Le 26 décembre 2004, à 7 h 58 heure locale, l’un des plus importants séismes jamais enregistrés se produit au large de l’île indonésienne de Sumatra. Avec une magnitude de 9 sur l’échelle de Richter, il est ressenti dans l’ensemble des pays de la partie est de l’océan indien, de l’Indonésie jusqu’aux îles Maldives. Mais c’est surtout le tsunami, généré par ce séisme, qui a été le plus meurtrier. Comment un tel cataclysme a-t-il pu survenir ?

Il y a 50 millions d’années, la plaque indo-australienne est entrée en collision avec la plaque eurasienne. Depuis, la première s’enfonce sous la seconde : c’est la zone de subduction. Actuellement, ce mouvement se fait à la vitesse de 5 cm par an et explique l’intense activité sismique et volcanique qui sévit sur et autour de l’archipel indonésien. L’hypocentre, ou foyer du séisme, a été localisé à environ 200 km au large de Sumatra à une profondeur de 30 km. La longueur de la faille rompue lors du séisme est de l’ordre de 800 km et les déplacements maximums ont atteint 15 m. L’énergie libérée par cet événement équivaut à 30 000 bombes atomiques similaires à celle d’Hiroshima.

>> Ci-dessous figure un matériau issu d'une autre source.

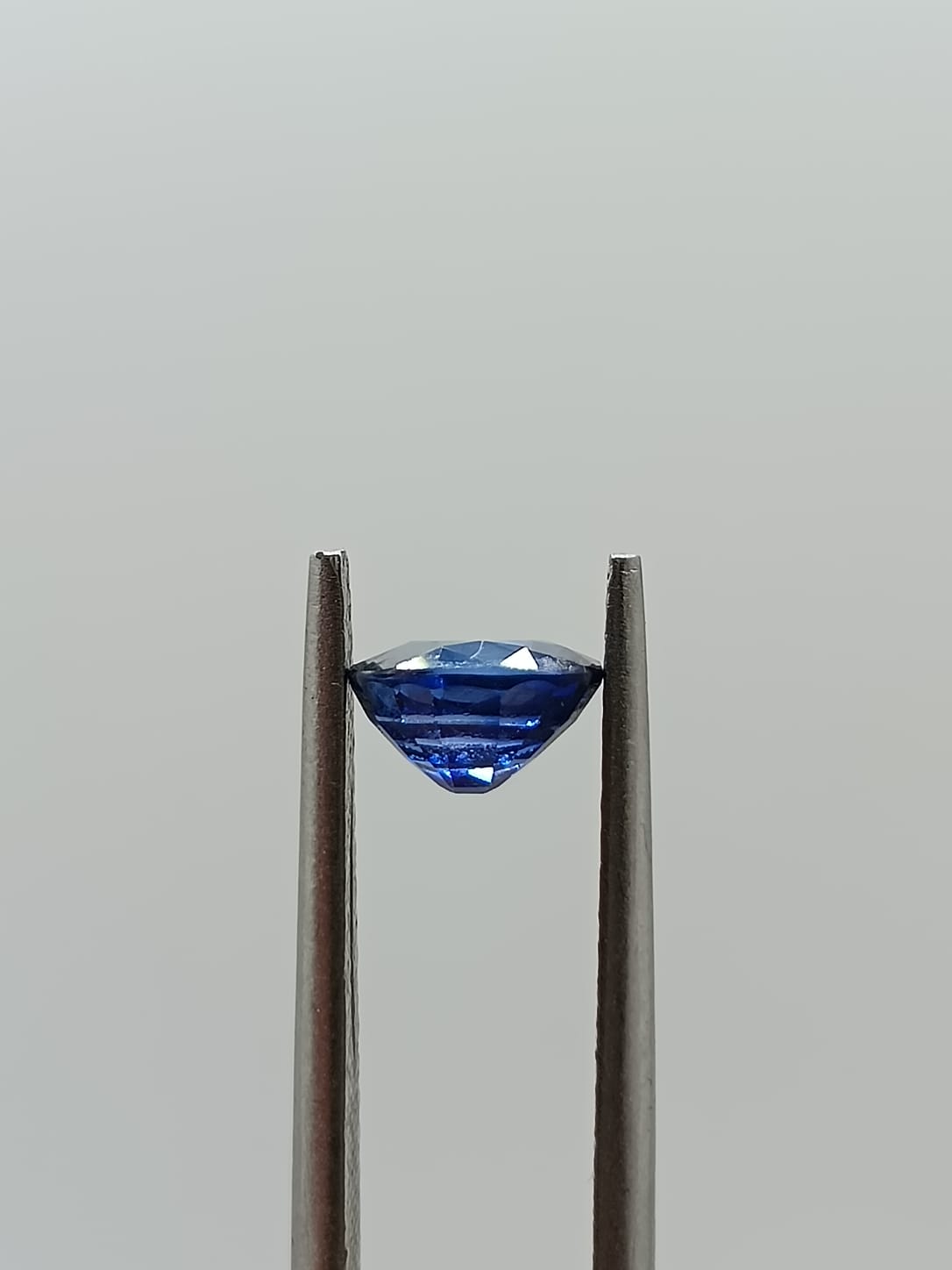 Zafiro ovalado de 1.02ct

À l’origine : un séisme d’une puissance exceptionnelle

Soulevée par cette énergie, la colonne d’eau située à la verticale de la zone a généré une série de vagues : c’est le tsunami. En haute mer, ces vagues, d’une très grande longueur d’onde, dont les crêtes sont espacées de 200 à 250 km, parcourent entre 700 et 900 km par heure. Elles passent inaperçues pour de nombreux bateaux, la hauteur maximale de vague variant de quelques centimètres à quelques mètres. Mais en se rapprochant des côtes, lorsque la profondeur des fonds marins diminue, la vitesse et la longueur d’onde diminuent également et la hauteur de la vague augmente. Lors du tsunami de 2004, les vagues ont atteint jusqu’à 15 m sur les côtes indonésiennes. Ce train de vagues s’est déplacé selon une direction perpendiculaire à la faille d’origine, soit en majorité vers l’est et l’ouest. La Thaïlande, la Birmanie et le Sri Lanka ont été frappés par la vague 1 heure 45 après le séisme, le fond du Golfe du Bengale (Nord de l’Inde, Bangladesh), 2 heures 30 après et les côtes africaines ont été atteintes 11 heures après l’événement. Le bilan définitif fait état de 232 000 morts, 45 000 disparus et 1,69 million de personnes déplacées.

Le lourd bilan de cette catastrophe est en grande partie dû à l’absence d’alerte des populations et à la méconnaissance du phénomène. Le 26 décembre 2004, beaucoup de personnes intriguées par le retrait de la mer se sont approchées de la plage puis retrouvées piégées par le retour massif des vagues sur la côte. Or, malgré l’imprévisibilité des séismes, ceux-ci sont très facilement détectables et mesurables lors de leur survenue. Quant aux vagues générées par un tsunami, elles peuvent être repérées en haute mer par des tsunamimètres. C’est pourquoi, à la suite de ce tsunami et de la conférence de Kobé sur la prévention des catastrophes naturelles qui s’est tenue en janvier 2005, la commission océanographique intergouvernementale de l’Unesco a été chargée de mettre en place un système d’alerte dans chacun des bassins concernés : les océans Pacifique, Indien, Atlantique nord-est, la Méditerranée et les Caraïbes.